## Example RNN implementation using Keras
**Credit: Chenhao Tan**, code obtained from [CSCI 4622](https://github.com/BoulderDS/CSCI-4622-Machine-Learning-18fa) at CU Boulder

Dataset is obtained from UCI Machine Learning repository consisting of SMS tagged messages (being ham (legitimate) or spam) that have been collected for SMS Spam research.

Use [Keras](https://keras.io/) to implement a classifier (you need to install Keras). Update the below snippet to build a Sequential model with an embedding layer, and an LSTM layer followed by a dense layer. This question allows you to get familiar with popular deep learning toolkits and the solution only has a few lines.

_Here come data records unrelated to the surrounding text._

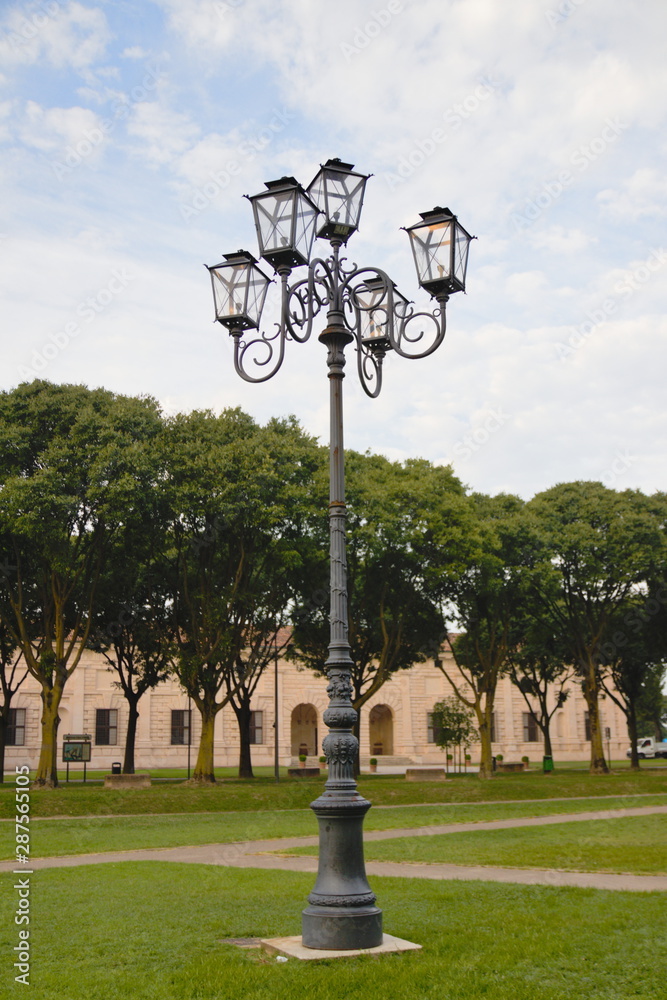 Vintage lantern. Greenery and blue sky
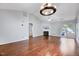 Open living room with vaulted ceiling, fireplace, hardwood floors, modern lighting, and patio access at 2 Donnelly Ct, Durham, NC 27713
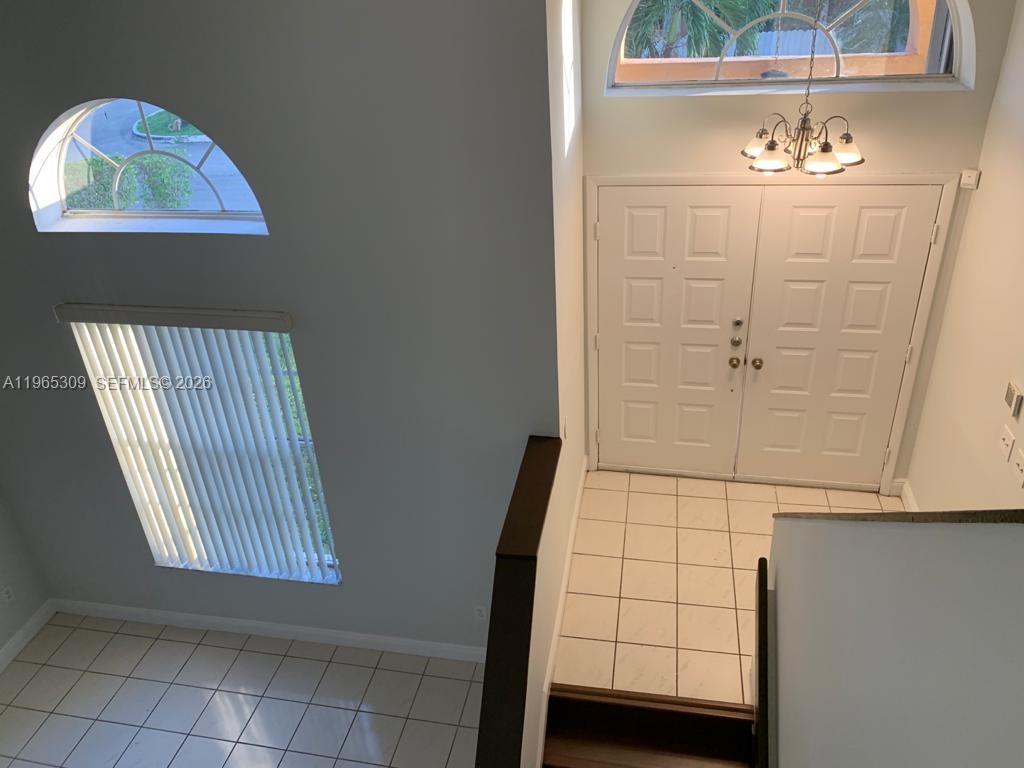 12447 Northwest 7th Street Miami, FL 33172 - Photo 2 of 29 view of room with window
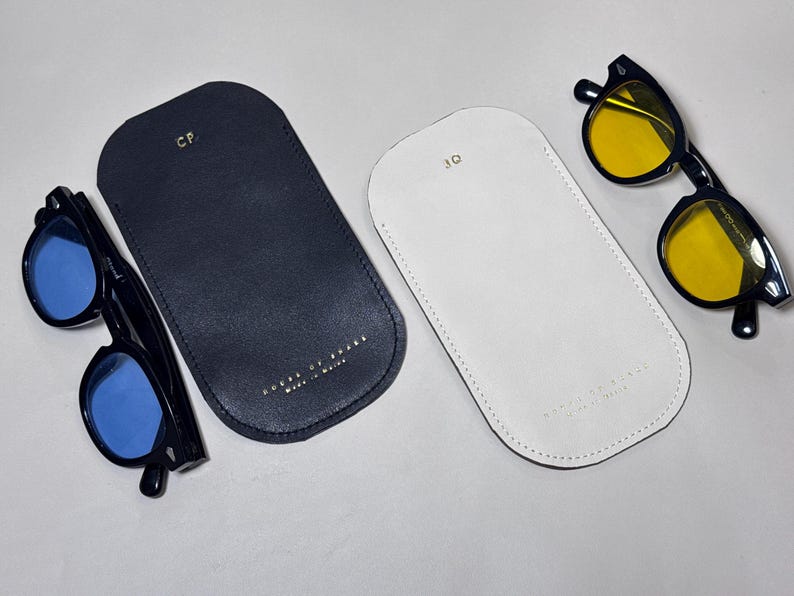 May include: Two pairs of sunglasses with black frames and colored lenses, one with blue and the other with yellow lenses, are displayed with two leather eyeglass cases. One case is navy blue, the other is white.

In practice, there is no need to reinvent the wheels.

Learn more about RNN : https://colah.github.io/posts/2015-08-Understanding-LSTMs/

Note: TensorFlow not supported on Python 3.7 so use a Python virtual environment with Python 3.6

In [4]:
from keras.datasets import imdb
from keras.models import Sequential
from keras.layers import Dense
from keras.layers import LSTM
from keras.layers.embeddings import Embedding
from keras.preprocessing import sequence
from keras.preprocessing.text import Tokenizer


class RNN:
    '''
    RNN classifier
    '''

    def __init__(self, train_x, train_y, test_x, test_y, dict_size=5000,
                 example_length=150, embedding_length=32, epoches=5, batch_size=128):
        '''
        initialize RNN model
        :param train_x: training data
        :param train_y: training label
        :param test_x: test data
        :param test_y: test label
        :param epoches: number of ephoches to run
        :param batch_size: batch size in training
        :param embedding_length: size of word embedding
        :param example_length: length of examples
        '''
        self.batch_size = batch_size
        self.epoches = epoches
        self.example_len = example_length
        self.dict_size = dict_size
        self.embedding_len = embedding_length

        # preprocess training data
        tok = Tokenizer(num_words=dict_size)
        tok.fit_on_texts(train_x)
        sequences = tok.texts_to_sequences(train_x)
        self.train_x = sequence.pad_sequences(
            sequences, maxlen=self.example_len)
        sequences = tok.texts_to_sequences(test_x)
        self.test_x = sequence.pad_sequences(
            sequences, maxlen=self.example_len)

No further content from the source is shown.